## What the exercise asks
All entries should be copied exactly, none left out.

Records drawn from a dataset
Segment Open

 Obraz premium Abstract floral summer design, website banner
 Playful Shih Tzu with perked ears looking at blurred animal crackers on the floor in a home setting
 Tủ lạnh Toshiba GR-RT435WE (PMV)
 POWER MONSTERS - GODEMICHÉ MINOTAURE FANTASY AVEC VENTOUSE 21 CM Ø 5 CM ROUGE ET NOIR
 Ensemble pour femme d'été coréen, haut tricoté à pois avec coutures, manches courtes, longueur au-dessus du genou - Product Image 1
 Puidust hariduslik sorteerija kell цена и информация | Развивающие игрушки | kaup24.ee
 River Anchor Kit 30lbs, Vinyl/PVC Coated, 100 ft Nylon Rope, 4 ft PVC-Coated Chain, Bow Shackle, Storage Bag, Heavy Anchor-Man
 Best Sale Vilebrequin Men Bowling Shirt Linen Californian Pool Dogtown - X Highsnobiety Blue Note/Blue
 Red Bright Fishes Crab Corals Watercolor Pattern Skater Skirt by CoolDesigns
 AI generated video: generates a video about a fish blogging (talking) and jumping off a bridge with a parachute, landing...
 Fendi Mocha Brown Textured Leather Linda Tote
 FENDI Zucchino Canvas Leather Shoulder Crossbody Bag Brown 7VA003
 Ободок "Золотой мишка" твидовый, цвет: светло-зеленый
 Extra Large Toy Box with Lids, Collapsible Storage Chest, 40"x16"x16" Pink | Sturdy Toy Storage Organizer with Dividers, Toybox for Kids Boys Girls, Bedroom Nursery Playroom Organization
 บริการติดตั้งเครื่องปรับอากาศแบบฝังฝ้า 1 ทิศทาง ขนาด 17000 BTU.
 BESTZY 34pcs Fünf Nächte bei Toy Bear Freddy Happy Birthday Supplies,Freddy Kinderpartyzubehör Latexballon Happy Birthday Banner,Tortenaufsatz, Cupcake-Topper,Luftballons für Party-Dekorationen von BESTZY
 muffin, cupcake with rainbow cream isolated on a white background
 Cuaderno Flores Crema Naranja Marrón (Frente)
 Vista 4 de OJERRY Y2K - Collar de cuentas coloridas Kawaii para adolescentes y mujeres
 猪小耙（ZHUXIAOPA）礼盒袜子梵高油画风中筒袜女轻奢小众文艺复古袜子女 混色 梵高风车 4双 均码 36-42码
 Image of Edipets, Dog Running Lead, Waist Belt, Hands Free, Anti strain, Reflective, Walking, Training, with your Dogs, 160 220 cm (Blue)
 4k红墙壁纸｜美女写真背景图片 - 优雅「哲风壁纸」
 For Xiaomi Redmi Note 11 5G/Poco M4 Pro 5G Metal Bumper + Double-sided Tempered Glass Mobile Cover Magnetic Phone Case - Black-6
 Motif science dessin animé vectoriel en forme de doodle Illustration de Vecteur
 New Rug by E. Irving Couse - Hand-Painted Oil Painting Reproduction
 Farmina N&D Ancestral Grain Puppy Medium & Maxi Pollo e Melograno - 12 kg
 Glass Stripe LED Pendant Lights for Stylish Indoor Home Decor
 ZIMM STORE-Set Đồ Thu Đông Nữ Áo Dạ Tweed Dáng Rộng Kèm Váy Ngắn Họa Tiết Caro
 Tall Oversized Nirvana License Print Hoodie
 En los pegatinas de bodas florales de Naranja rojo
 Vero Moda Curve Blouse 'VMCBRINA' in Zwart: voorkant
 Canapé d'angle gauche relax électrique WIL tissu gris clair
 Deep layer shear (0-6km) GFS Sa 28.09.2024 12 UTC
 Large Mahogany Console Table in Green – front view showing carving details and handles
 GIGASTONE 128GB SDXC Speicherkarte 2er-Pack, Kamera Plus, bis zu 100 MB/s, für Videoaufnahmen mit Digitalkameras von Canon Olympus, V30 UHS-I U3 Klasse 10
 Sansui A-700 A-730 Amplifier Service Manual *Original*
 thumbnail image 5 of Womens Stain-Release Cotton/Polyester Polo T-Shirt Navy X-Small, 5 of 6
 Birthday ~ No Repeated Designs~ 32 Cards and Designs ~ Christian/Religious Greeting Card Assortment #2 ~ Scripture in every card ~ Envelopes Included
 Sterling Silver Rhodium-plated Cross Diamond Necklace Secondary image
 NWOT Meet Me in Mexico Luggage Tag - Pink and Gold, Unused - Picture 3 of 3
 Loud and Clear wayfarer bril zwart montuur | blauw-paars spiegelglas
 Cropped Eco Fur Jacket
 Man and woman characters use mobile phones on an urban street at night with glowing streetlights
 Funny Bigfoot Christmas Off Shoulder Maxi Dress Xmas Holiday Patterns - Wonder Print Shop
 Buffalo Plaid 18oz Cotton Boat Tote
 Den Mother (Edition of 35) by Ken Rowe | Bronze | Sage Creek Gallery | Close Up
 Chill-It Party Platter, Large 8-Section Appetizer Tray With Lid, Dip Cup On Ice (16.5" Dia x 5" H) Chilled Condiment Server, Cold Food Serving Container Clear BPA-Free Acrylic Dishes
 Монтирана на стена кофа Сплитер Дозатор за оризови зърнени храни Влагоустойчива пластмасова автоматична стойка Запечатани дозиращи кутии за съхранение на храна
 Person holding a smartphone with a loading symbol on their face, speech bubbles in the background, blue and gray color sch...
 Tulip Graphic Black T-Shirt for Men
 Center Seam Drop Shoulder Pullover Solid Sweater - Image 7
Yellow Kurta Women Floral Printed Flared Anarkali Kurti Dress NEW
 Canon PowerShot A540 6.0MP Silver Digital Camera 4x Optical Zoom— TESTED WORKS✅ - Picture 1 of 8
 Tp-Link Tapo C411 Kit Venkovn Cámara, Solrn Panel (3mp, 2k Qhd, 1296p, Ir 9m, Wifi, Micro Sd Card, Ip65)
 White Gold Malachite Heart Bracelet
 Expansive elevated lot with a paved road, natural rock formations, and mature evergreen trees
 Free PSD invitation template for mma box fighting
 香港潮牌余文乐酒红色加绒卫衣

Segment Closed

## Answer area
 Obraz premium Abstract floral summer design, website banner
 Playful Shih Tzu with perked ears looking at blurred animal crackers on the floor in a home setting
 Tủ lạnh Toshiba GR-RT435WE (PMV)
 POWER MONSTERS - GODEMICHÉ MINOTAURE FANTASY AVEC VENTOUSE 21 CM Ø 5 CM ROUGE ET NOIR
 Ensemble pour femme d'été coréen, haut tricoté à pois avec coutures, manches courtes, longueur au-dessus du genou - Product Image 1
 Puidust hariduslik sorteerija kell цена и информация | Развивающие игрушки | kaup24.ee
 River Anchor Kit 30lbs, Vinyl/PVC Coated, 100 ft Nylon Rope, 4 ft PVC-Coated Chain, Bow Shackle, Storage Bag, Heavy Anchor-Man
 Best Sale Vilebrequin Men Bowling Shirt Linen Californian Pool Dogtown - X Highsnobiety Blue Note/Blue
 Red Bright Fishes Crab Corals Watercolor Pattern Skater Skirt by CoolDesigns
 AI generated video: generates a video about a fish blogging (talking) and jumping off a bridge with a parachute, landing...
 Fendi Mocha Brown Textured Leather Linda Tote
 FENDI Zucchino Canvas Leather Shoulder Crossbody Bag Brown 7VA003
 Ободок "Золотой мишка" твидовый, цвет: светло-зеленый
 Extra Large Toy Box with Lids, Collapsible Storage Chest, 40"x16"x16" Pink | Sturdy Toy Storage Organizer with Dividers, Toybox for Kids Boys Girls, Bedroom Nursery Playroom Organization
 บริการติดตั้งเครื่องปรับอากาศแบบฝังฝ้า 1 ทิศทาง ขนาด 17000 BTU.
 BESTZY 34pcs Fünf Nächte bei Toy Bear Freddy Happy Birthday Supplies,Freddy Kinderpartyzubehör Latexballon Happy Birthday Banner,Tortenaufsatz, Cupcake-Topper,Luftballons für Party-Dekorationen von BESTZY
 muffin, cupcake with rainbow cream isolated on a white background
 Cuaderno Flores Crema Naranja Marrón (Frente)
 Vista 4 de OJERRY Y2K - Collar de cuentas coloridas Kawaii para adolescentes y mujeres
 猪小耙（ZHUXIAOPA）礼盒袜子梵高油画风中筒袜女轻奢小众文艺复古袜子女 混色 梵高风车 4双 均码 36-42码
 Image of Edipets, Dog Running Lead, Waist Belt, Hands Free, Anti strain, Reflective, Walking, Training, with your Dogs, 160 220 cm (Blue)
 4k红墙壁纸｜美女写真背景图片 - 优雅「哲风壁纸」
 For Xiaomi Redmi Note 11 5G/Poco M4 Pro 5G Metal Bumper + Double-sided Tempered Glass Mobile Cover Magnetic Phone Case - Black-6
 Motif science dessin animé vectoriel en forme de doodle Illustration de Vecteur
 New Rug by E. Irving Couse - Hand-Painted Oil Painting Reproduction
 Farmina N&D Ancestral Grain Puppy Medium & Maxi Pollo e Melograno - 12 kg
 Glass Stripe LED Pendant Lights for Stylish Indoor Home Decor
 ZIMM STORE-Set Đồ Thu Đông Nữ Áo Dạ Tweed Dáng Rộng Kèm Váy Ngắn Họa Tiết Caro
 Tall Oversized Nirvana License Print Hoodie
 En los pegatinas de bodas florales de Naranja rojo
 Vero Moda Curve Blouse 'VMCBRINA' in Zwart: voorkant
 Canapé d'angle gauche relax électrique WIL tissu gris clair
 Deep layer shear (0-6km) GFS Sa 28.09.2024 12 UTC
 Large Mahogany Console Table in Green – front view showing carving details and handles
 GIGASTONE 128GB SDXC Speicherkarte 2er-Pack, Kamera Plus, bis zu 100 MB/s, für Videoaufnahmen mit Digitalkameras von Canon Olympus, V30 UHS-I U3 Klasse 10
 Sansui A-700 A-730 Amplifier Service Manual *Original*
 thumbnail image 5 of Womens Stain-Release Cotton/Polyester Polo T-Shirt Navy X-Small, 5 of 6
 Birthday ~ No Repeated Designs~ 32 Cards and Designs ~ Christian/Religious Greeting Card Assortment #2 ~ Scripture in every card ~ Envelopes Included
 Sterling Silver Rhodium-plated Cross Diamond Necklace Secondary image
 NWOT Meet Me in Mexico Luggage Tag - Pink and Gold, Unused - Picture 3 of 3
 Loud and Clear wayfarer bril zwart montuur | blauw-paars spiegelglas
 Cropped Eco Fur Jacket
 Man and woman characters use mobile phones on an urban street at night with glowing streetlights
 Funny Bigfoot Christmas Off Shoulder Maxi Dress Xmas Holiday Patterns - Wonder Print Shop
 Buffalo Plaid 18oz Cotton Boat Tote
 Den Mother (Edition of 35) by Ken Rowe | Bronze | Sage Creek Gallery | Close Up
 Chill-It Party Platter, Large 8-Section Appetizer Tray With Lid, Dip Cup On Ice (16.5" Dia x 5" H) Chilled Condiment Server, Cold Food Serving Container Clear BPA-Free Acrylic Dishes
 Монтирана на стена кофа Сплитер Дозатор за оризови зърнени храни Влагоустойчива пластмасова автоматична стойка Запечатани дозиращи кутии за съхранение на храна
 Person holding a smartphone with a loading symbol on their face, speech bubbles in the background, blue and gray color sch...
 Tulip Graphic Black T-Shirt for Men
 Center Seam Drop Shoulder Pullover Solid Sweater - Image 7
Yellow Kurta Women Floral Printed Flared Anarkali Kurti Dress NEW
 Canon PowerShot A540 6.0MP Silver Digital Camera 4x Optical Zoom— TESTED WORKS✅ - Picture 1 of 8
 Tp-Link Tapo C411 Kit Venkovn Cámara, Solrn Panel (3mp, 2k Qhd, 1296p, Ir 9m, Wifi, Micro Sd Card, Ip65)
 White Gold Malachite Heart Bracelet
 Expansive elevated lot with a paved road, natural rock formations, and mature evergreen trees
 Free PSD invitation template for mma box fighting
 香港潮牌余文乐酒红色加绒卫衣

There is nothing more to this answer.